Hunters of stocks selling at steep discounts to their underlying value racked up the biggest gains in managed equity accounts for the year ended June 30, according to PIPER, a manager performance database.
The median return for managed domestic overall equity accounts for the 12-month period was 24.1%, but value investors had a convincing claim on bragging rights: The median return for managed domestic value equity accounts was 28.3%, handily beating the 23.3% median figure turned in by managed domestic growth equity accounts.
Over the same period, the large-cap loaded S&P 500 index posted a 19.1% gain, while the small-cap focused Russell 2000 index jumped 33.4%.
For the year, the value hunter whose name dominated the winner's circle was Donald Smith & Co., Paramus, N.J. The boutique money manager, with $2.3 billion in assets under management, boasted four of the five top-performing managed domestic overall equity accounts for the year.
In first place at 86.5% was the Donald Smith & Co.
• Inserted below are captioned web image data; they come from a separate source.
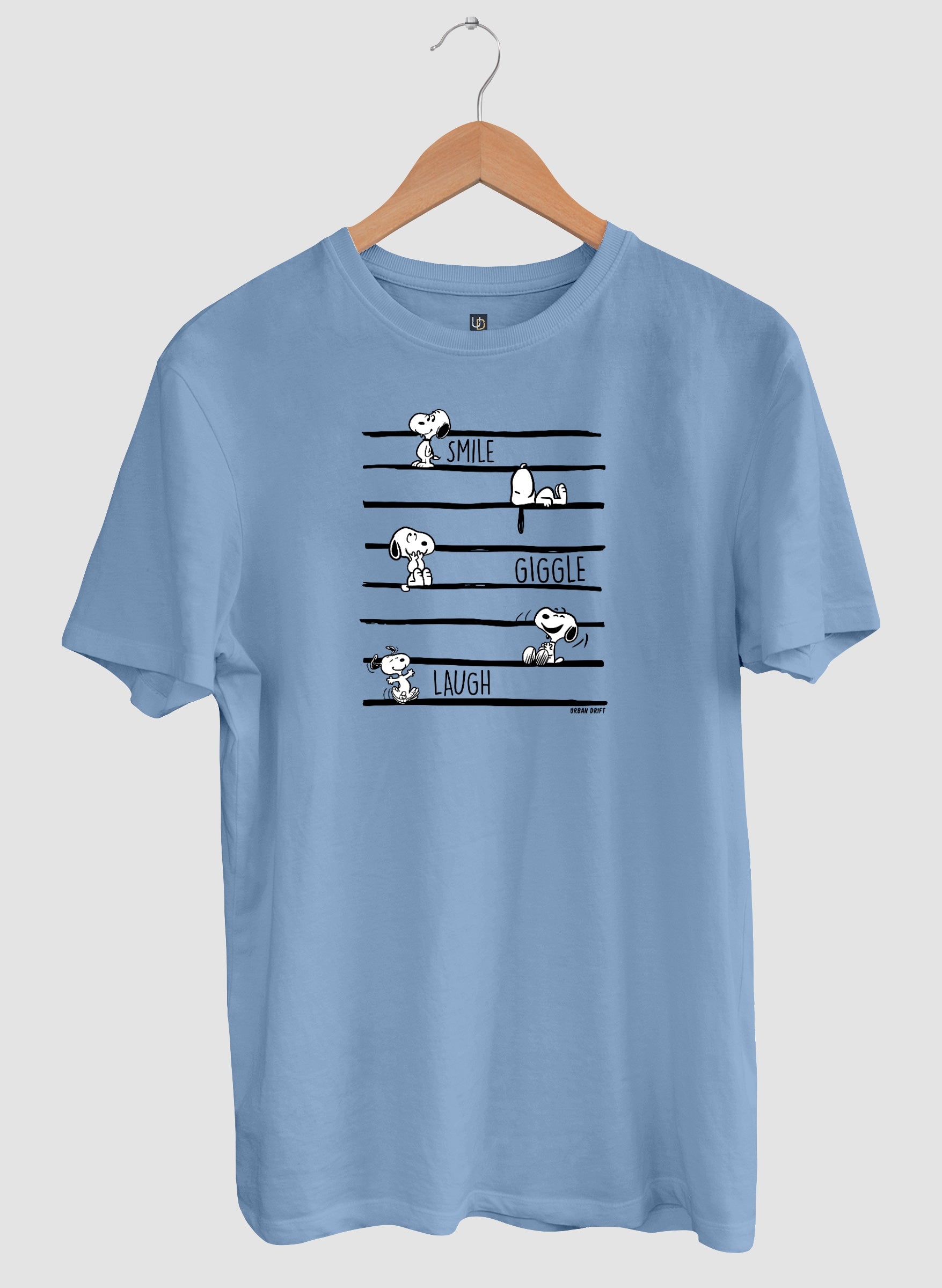 Smile, Giggle, Laugh Half Sleeve T-Shirt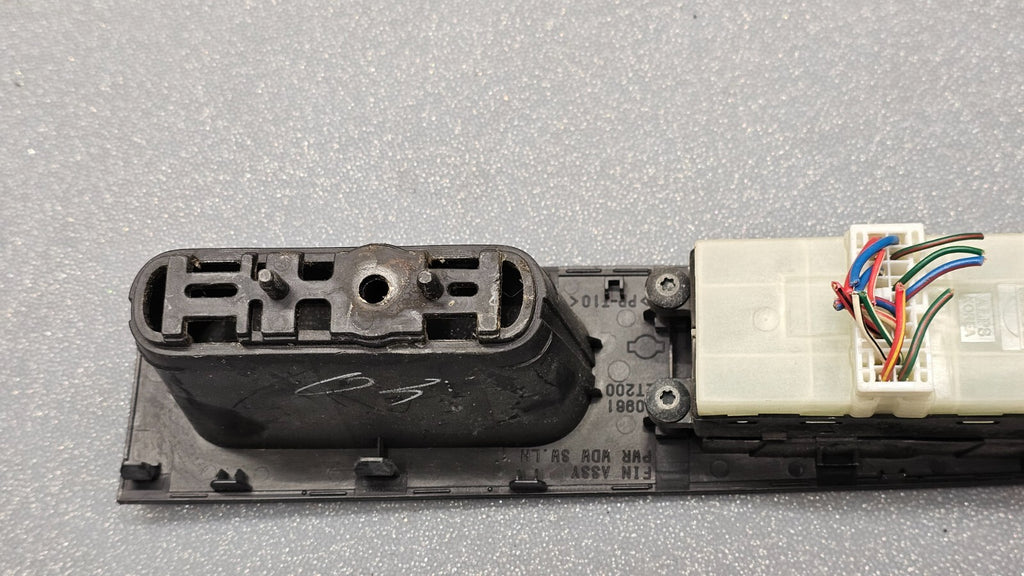 🔥07-10 Nissan Sentra Left Driver Power Door Window Control Switch Lock Black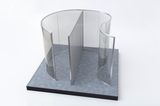 Untitled by Dan Graham contemporary artwork sculpture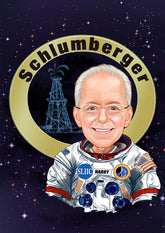 Til ham tema6 (1 person) - karikaturtegning efter dine fotos - Just Karikatur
Micro Cap Value portfolio, followed by the company's Large Cap Concentrated Value portfolio, with a 75.5% gain.
Breaking up the monotony was NorthPointe Capital LLC, Troy, Mich., whose Micro Cap Growth Strategy turned in the year's third best return of 69.9%. Rounding out the top five were Donald Smith's Midcap Value strategy and its All Cap Value strategy, with respective gains of 67.5% and 66.9%.